This course was very.......unusual, to say the least. One of the first things we were taught is that the medical boards exist less to "test knowledge" and more to "weed-out" medical students. The purpose behind this, we were told, was because of the profound disparity between the number of medical school graduates every year and the significantly lower number of available residency slots. It is for this reason that the boards are deliberately difficult and obscure - they are an effort to trip up the test-taker. Additionally, we were told that the boards are more challenging for those persons who have greater clinical experience. As someone who has 18 years of military medicine under his belt, I would agree with this latter statement!
All of this started me thinking: in what shape is medical education, and the industry of medicine itself, if we find ourselves having to stoop to such base measures simply to make doctors? Over and over I have heard that there is a drought of physicians. Yet, we create hurdles, a grinding gauntlet of the mind, making the education of new physicians unnecessarily difficult. This, in turn, leads to a sense of elitism and thus robs eager young students of any altruism they may have had when they began this journey.
Medical school should be difficult. The responsibilities a physician faces are great as daily life and death decisions are made. To my perception, though, as one already two years into this process, there are efforts both at the level of the schools and on a national level, to make this procedure more arduous than it need be. The modern medical boards reflect this.

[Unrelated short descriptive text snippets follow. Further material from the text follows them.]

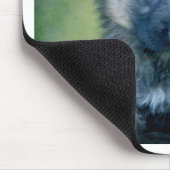 Lang überzogene Welpe Mousepad (Ecke)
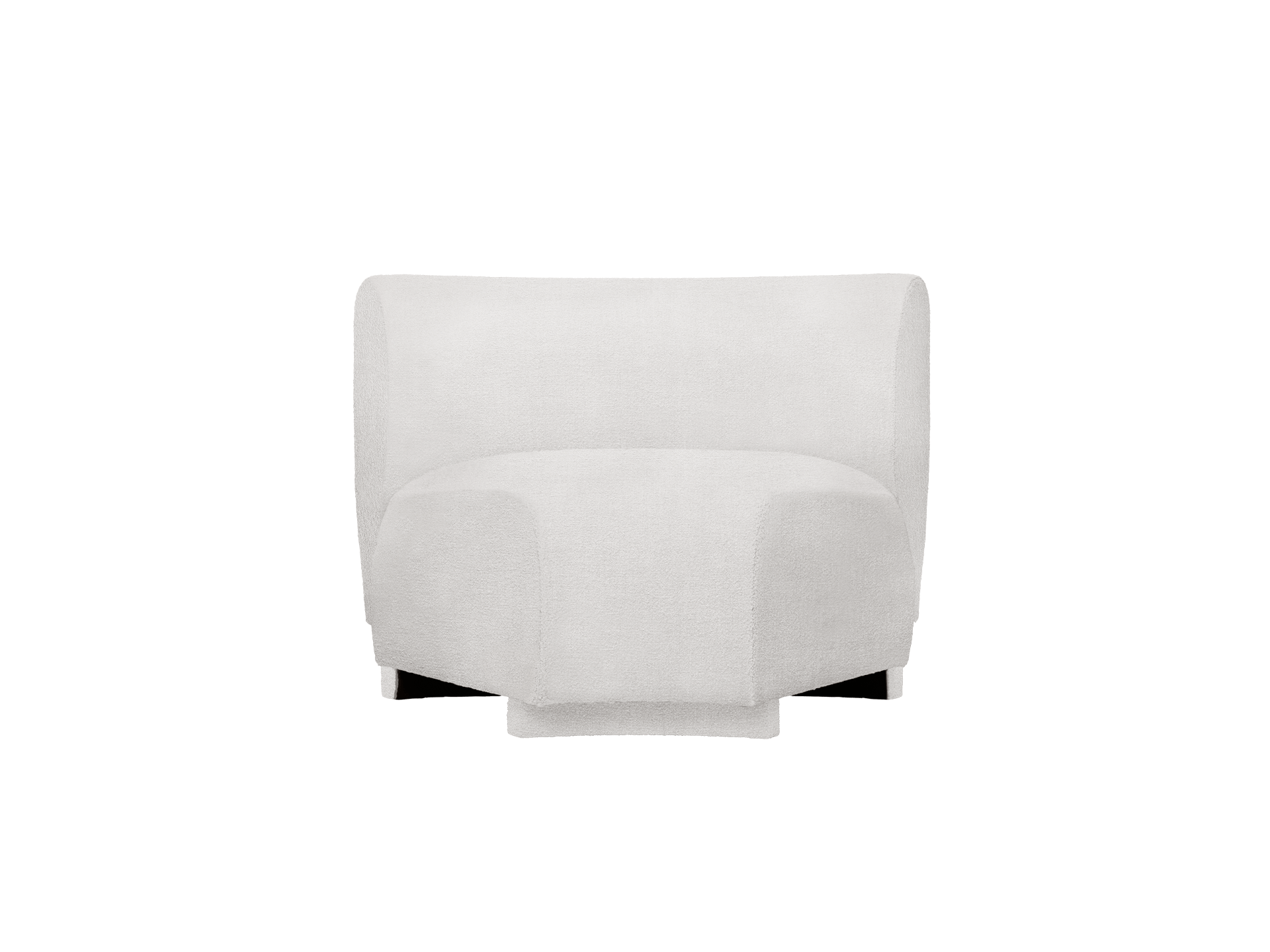 Rico Sofa Corner - Narrow - Bouclé - Off-White
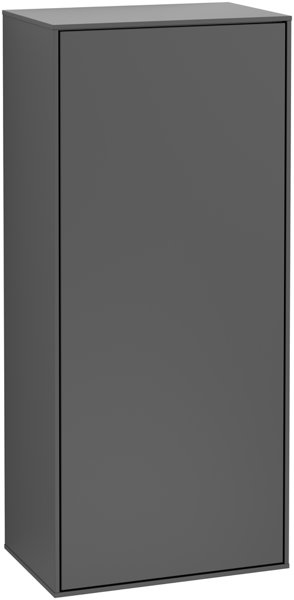 Villeroy und Boch Finion Seitenschrank G56000, 418x936x270mm, Scharnier links, mit LED- Beleuchtung, Farbe: Black Matt Lacquer von Villeroy und Boch AG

Some may read this and say, "Yes, but most students pass their boards on their first attempt. You're just saying this because you're angry." God bless those who have so passed! I admit that the boards have been very rough for me - more so than I ever anticipated. It is because of this that I have had the opportunity, more so than most medical students perhaps, to focus not only on the boards but on the purpose of the boards. Testing is a necessary evil. But this "thinning of the herd" simply because our system is broken is a travesty that limits the number of available quality physicians. In the end, the ones who pay the price are the patients.
Regardless, the boards are here to stay - at least for now. I am going to give this third attempt my best effort. Perhaps, one day, there will be a better more patient-centric system in place. Until then, we try our best to work with what we have while trying to bring positive change.